## What you are asked to do
Taking the line with "Chalet 2-piece Upholstered" as the first and the last line of the listing as the final one, please copy exactly those lines and no others, without pictures.

## Dataset excerpt
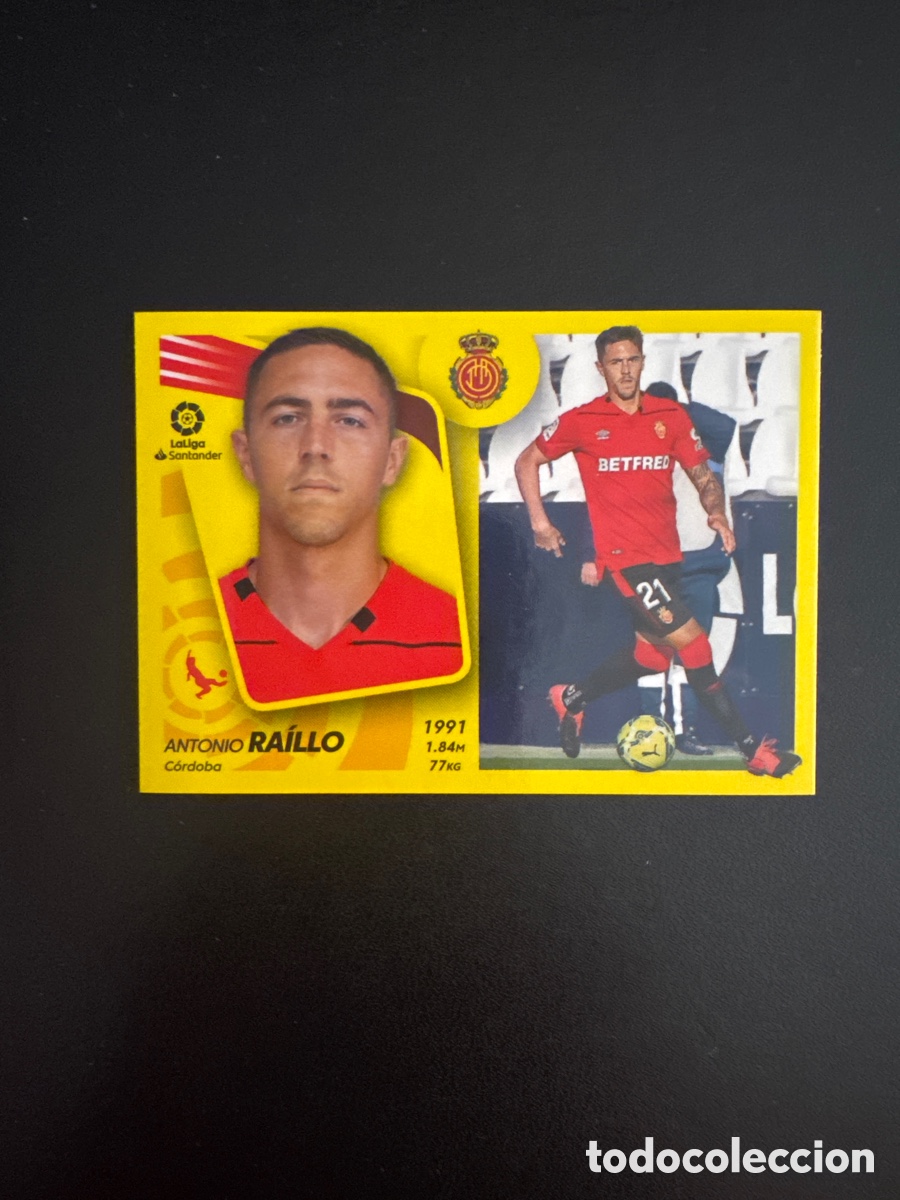 Fu&szlig;ball-Sticker: RAILLO MALLORCA N&Uacute;MERO 9 LIGA ESTE 2021 2022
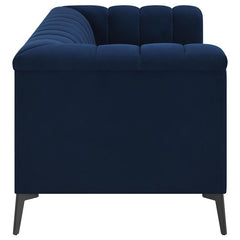 Chalet 2-piece Upholstered Tuxedo Arm Tufted Sofa Set Blue - 509211-S2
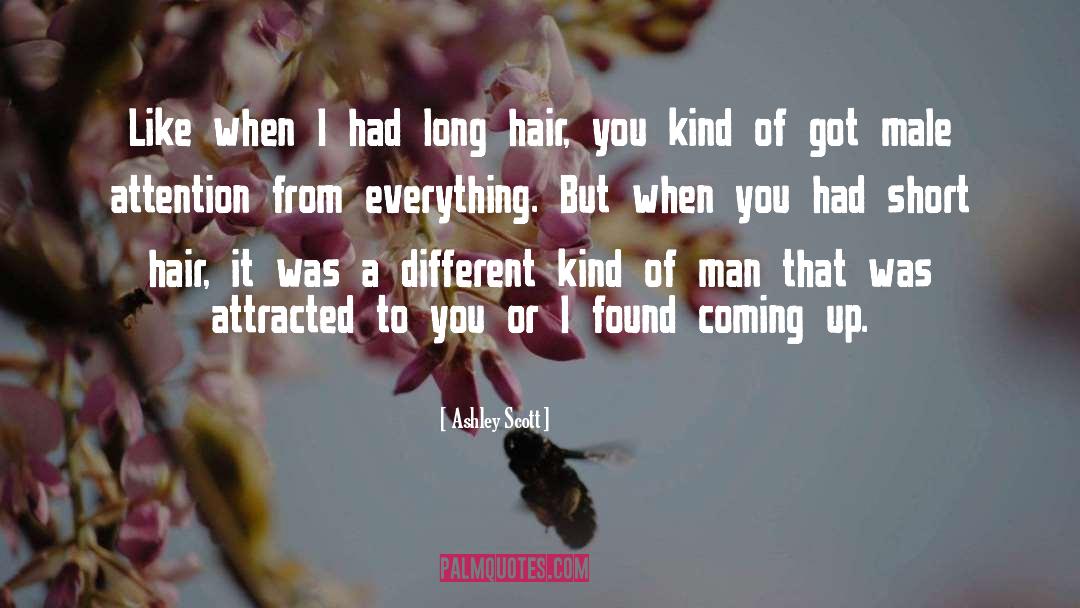 Detangler Hair quotes by Ashley Scott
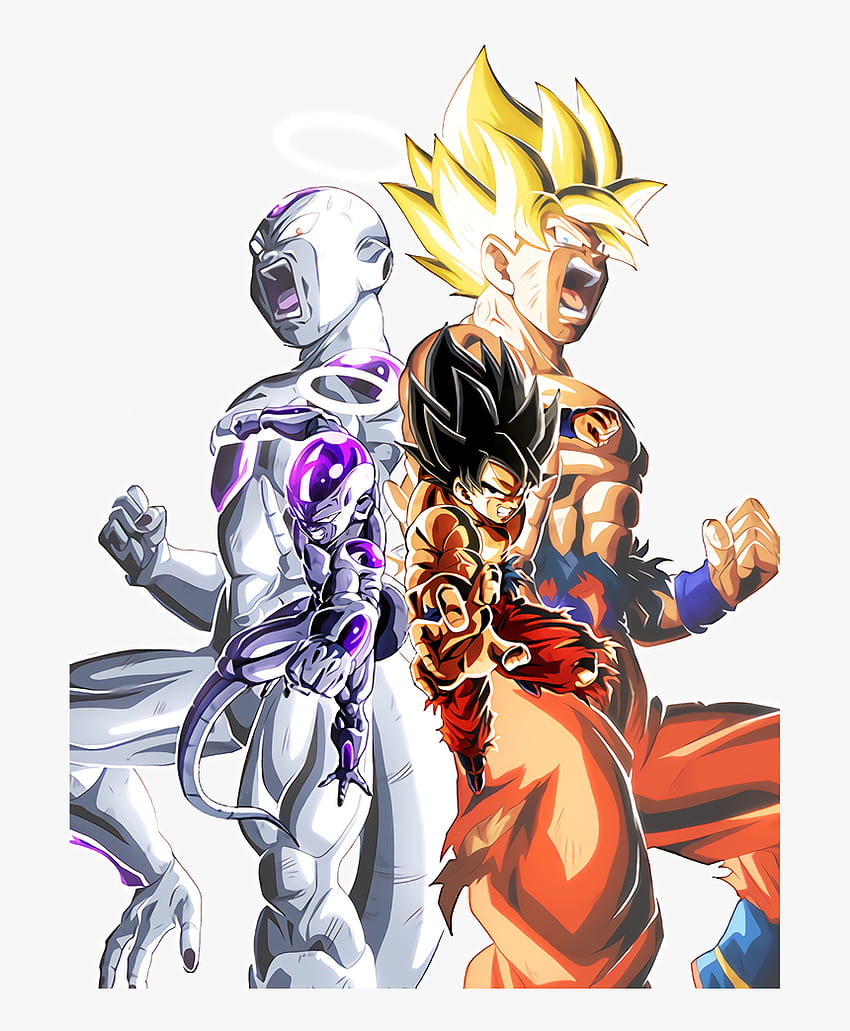 Goku und Frieza Dokkan, Png HD-Handy-Hintergrundbild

## Output
 Chalet 2-piece Upholstered Tuxedo Arm Tufted Sofa Set Blue - 509211-S2
 Detangler Hair quotes by Ashley Scott
 Goku und Frieza Dokkan, Png HD-Handy-Hintergrundbild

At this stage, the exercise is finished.